Titilating Taxes


Yeah, I lied. Taxes aren’t exciting, but it’s a law and shit. You may be surprised to find out that if you are a US citizen living abroad and working for a foreign company or even self-employed as part of the your 2nd nation’s tax system, you have to report and pay taxes on that income to the United States as well. However, most tax benefits or breaks don’t apply to you. Isn’t that nice? I am no tax professional, as I’d rather drink a glass shard shake, but in keeping with my FYI theme of late, I thought I’d put up a quick note on it. I’ve talked to a lot of US citizens living here that either a) didn’t know that they are supposed to file and pay taxes at home on foreign income, or b) simply do not care. Here is the good news and a thought on why perspective ‘b’ is not the best approach. The US and Chile have a tax agreement [the US has these with some other countries, but far from all] that money a US citizen earns while working in Chile is not taxable up to roughly 85,000 USD per year.

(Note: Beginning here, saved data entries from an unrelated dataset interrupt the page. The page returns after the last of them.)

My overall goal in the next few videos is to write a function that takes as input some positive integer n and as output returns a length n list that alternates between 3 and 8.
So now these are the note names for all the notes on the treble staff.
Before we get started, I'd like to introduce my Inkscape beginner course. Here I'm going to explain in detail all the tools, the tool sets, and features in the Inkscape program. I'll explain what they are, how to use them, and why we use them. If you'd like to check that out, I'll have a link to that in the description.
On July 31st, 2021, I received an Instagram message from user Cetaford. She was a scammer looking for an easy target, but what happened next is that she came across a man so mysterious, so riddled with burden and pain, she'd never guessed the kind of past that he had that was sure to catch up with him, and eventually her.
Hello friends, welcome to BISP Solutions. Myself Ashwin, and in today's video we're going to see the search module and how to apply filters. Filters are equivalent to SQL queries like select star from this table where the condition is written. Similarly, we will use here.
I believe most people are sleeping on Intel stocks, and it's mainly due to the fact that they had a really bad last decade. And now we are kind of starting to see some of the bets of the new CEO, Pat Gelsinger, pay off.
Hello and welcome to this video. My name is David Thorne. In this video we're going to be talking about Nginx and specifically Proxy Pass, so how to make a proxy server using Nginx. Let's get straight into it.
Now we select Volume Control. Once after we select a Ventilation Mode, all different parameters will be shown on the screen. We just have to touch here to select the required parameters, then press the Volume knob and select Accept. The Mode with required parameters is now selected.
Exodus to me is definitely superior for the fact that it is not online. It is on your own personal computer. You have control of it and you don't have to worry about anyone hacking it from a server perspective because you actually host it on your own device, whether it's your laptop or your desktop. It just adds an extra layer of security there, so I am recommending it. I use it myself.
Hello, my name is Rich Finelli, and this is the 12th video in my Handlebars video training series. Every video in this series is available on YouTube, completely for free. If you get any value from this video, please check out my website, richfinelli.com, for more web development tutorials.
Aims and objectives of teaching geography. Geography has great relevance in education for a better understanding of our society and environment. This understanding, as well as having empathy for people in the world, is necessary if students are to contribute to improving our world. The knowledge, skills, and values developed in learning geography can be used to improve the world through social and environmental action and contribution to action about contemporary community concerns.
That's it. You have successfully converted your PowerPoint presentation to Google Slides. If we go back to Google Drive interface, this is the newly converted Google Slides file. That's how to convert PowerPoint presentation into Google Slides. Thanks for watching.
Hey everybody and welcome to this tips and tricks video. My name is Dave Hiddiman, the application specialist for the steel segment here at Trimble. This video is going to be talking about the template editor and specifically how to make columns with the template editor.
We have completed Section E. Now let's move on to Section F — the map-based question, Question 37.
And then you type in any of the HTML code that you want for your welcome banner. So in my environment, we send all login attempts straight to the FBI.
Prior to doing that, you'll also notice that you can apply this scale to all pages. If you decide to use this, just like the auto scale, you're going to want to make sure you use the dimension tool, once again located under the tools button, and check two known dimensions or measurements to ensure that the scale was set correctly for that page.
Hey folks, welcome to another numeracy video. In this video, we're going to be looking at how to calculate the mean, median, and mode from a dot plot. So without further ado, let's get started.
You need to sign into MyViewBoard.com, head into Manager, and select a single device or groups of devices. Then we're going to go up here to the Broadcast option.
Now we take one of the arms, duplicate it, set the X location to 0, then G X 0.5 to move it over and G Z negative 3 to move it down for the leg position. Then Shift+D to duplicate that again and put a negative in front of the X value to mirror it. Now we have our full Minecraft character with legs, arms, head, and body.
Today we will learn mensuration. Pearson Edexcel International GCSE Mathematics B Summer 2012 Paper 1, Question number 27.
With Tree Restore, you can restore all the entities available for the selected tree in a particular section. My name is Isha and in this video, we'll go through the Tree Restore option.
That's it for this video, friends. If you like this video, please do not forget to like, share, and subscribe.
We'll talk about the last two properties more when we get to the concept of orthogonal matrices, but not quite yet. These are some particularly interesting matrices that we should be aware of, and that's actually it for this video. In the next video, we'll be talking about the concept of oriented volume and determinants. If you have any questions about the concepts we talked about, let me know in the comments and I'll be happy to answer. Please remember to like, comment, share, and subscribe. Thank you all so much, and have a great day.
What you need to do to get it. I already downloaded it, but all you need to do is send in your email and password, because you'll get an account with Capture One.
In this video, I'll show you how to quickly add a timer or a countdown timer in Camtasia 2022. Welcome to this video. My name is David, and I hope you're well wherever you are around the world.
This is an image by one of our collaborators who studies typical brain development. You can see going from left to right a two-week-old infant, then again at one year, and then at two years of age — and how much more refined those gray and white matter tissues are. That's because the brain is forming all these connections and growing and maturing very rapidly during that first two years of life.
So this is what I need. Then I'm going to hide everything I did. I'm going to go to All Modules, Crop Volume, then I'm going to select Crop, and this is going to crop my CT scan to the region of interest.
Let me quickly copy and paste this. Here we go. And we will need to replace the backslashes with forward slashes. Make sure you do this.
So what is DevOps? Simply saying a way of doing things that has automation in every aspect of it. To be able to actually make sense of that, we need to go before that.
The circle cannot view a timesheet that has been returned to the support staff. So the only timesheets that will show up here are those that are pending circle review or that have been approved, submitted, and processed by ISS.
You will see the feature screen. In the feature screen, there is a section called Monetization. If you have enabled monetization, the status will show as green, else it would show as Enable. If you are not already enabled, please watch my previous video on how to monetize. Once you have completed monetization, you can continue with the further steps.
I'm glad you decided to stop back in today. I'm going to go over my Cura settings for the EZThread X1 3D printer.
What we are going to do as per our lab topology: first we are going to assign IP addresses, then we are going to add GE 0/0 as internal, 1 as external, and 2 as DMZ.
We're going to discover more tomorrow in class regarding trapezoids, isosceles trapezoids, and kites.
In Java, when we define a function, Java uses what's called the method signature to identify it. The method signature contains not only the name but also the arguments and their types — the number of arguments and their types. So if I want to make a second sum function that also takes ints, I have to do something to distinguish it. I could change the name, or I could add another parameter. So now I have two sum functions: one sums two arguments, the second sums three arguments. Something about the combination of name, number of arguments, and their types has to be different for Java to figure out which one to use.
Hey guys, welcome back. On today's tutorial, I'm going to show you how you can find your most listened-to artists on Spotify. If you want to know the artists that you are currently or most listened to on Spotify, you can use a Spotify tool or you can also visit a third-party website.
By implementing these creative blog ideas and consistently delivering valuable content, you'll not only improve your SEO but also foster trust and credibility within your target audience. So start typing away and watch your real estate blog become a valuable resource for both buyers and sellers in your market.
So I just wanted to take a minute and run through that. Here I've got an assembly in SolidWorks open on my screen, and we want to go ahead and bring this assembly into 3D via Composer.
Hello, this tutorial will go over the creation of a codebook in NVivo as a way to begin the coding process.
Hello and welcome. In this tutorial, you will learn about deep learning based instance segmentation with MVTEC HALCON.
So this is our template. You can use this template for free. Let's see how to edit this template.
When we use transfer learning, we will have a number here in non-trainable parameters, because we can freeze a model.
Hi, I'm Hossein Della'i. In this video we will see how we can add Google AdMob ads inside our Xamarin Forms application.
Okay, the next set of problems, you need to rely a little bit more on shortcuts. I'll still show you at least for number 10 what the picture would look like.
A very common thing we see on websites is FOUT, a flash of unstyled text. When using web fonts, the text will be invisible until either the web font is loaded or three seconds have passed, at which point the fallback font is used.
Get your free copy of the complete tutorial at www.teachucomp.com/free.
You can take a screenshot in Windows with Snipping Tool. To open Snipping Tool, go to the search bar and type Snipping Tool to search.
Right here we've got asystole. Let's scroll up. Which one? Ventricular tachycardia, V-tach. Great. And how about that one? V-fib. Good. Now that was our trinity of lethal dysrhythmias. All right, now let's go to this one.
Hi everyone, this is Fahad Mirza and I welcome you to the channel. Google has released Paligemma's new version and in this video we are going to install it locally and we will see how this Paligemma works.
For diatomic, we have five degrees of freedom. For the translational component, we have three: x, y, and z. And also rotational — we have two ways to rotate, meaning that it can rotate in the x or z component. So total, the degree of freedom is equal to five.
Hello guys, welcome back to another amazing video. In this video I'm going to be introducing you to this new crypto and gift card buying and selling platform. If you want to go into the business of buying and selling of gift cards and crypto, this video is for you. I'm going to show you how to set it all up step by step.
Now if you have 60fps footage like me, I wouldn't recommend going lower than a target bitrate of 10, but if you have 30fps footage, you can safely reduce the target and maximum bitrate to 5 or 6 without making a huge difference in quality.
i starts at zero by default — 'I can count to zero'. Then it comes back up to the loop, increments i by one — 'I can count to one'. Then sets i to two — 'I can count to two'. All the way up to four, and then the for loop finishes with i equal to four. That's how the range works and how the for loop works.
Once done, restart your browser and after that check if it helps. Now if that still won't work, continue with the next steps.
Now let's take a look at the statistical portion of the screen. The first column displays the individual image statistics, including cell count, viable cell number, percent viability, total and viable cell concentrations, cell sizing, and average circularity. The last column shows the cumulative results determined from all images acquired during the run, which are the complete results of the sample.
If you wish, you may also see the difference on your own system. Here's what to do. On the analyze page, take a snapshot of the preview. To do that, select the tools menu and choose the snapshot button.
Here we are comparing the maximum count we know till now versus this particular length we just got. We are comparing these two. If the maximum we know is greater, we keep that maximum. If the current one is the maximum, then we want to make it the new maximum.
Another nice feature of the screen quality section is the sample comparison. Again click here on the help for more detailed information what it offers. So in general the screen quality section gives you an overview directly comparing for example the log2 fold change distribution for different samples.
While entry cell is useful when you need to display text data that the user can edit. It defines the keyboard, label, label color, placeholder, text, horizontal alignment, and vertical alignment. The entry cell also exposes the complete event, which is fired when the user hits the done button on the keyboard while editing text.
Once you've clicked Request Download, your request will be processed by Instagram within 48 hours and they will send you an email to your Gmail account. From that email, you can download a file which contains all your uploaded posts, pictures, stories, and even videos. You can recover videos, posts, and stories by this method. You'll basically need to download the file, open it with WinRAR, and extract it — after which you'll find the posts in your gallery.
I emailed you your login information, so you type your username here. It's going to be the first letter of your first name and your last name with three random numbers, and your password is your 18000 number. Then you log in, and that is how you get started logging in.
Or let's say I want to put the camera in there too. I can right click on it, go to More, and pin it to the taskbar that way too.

I think it was raised a bit higher recently. Essentially, if you make under that amount you will not be taxed twice by two countries, only in Chile where they give you most of it back anyhow. Another thing to consider is that if you spend time in the States each year, that time needs to be prorated and deducted from 85 G limit. Lame, but true. If you’re not too concerned about the law and figure since you don’t owe you can just forget about filing, you could get bit in the ass in the future. If you file and the IRS later on thinks you misreported, the statute of limitations on auditing you is 7 years [last time I checked], but if you file nothing there is no statute and your finances / income could be audited for any year you didn’t file at any time in the future. Not very fun. The last bit of good news is that there is an automatic two month extension for filing if you live abroad, meaning April 15th just became June 15th. Happy tax season. Buy yourself something nice for all your troubles. Or don’t and start another savings account.